それをこの局面で掴んでみせた、泉モトハルの運命力についても同様に。
(奴のデッキにもクイックカードは入っている。少ないことには少ないんだろうけどゼロではない──そしてミキシングのクイックが思いの外使いにくくない。そこも予想外だったな……)
大して高コストでもないし効果も汎用的。手打ちするには流石に重さを感じなくもないが、それはクイックカード全般に共通した特徴。《閃光火龍砲弾》が殊更に取り回しづらいというわけではなく、反対にクイックのタイミングで唱えられれば場面を選ばず確実になんらかの仕事はしてくれる。そういった利点についてはむしろそこらのクイックカードよりもパフォーマンスに優れている(※これはクイックユニットやクイックスペルが必ずしも相手への妨害効果を持っているとは限らないための評価である)と言えた。
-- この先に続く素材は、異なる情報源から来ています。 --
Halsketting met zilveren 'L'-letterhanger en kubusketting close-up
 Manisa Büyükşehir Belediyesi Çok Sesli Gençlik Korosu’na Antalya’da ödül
(問題なのは確実に仕事をする《閃光火龍砲弾》が『最高に』活きる場面で飛び出てきたことだな……グラバウをやられ、アタックしていないユニットまでレストさせられたこの現状。博打で掴んだ運を泉の運で相殺された形──だけど。グラバウ以外は無事なんだ。戦線が崩壊したとはまだ言い難い! ここで気落ちなんてしたらせっかく高まっている運がどこかに逃げていってしまう、それだけは駄目だ)
「俺はターンエンドだ!」
(──などと考えているのが丸見えだぞ、若葉アキラ! 貴様の理論で言えば運命力とは押し引きするもので、流れとは常にたゆたっているものなのだろう? ならば攻勢にケチがついた時点で既に流れはオレの手にあると何故認めないのか! クック──わかっているとも、それは怖いからだ。逆転の一手として築いた陣営が、これより本当に崩壊する。その様を目の当たりとしたくないために目を背けているに過ぎん)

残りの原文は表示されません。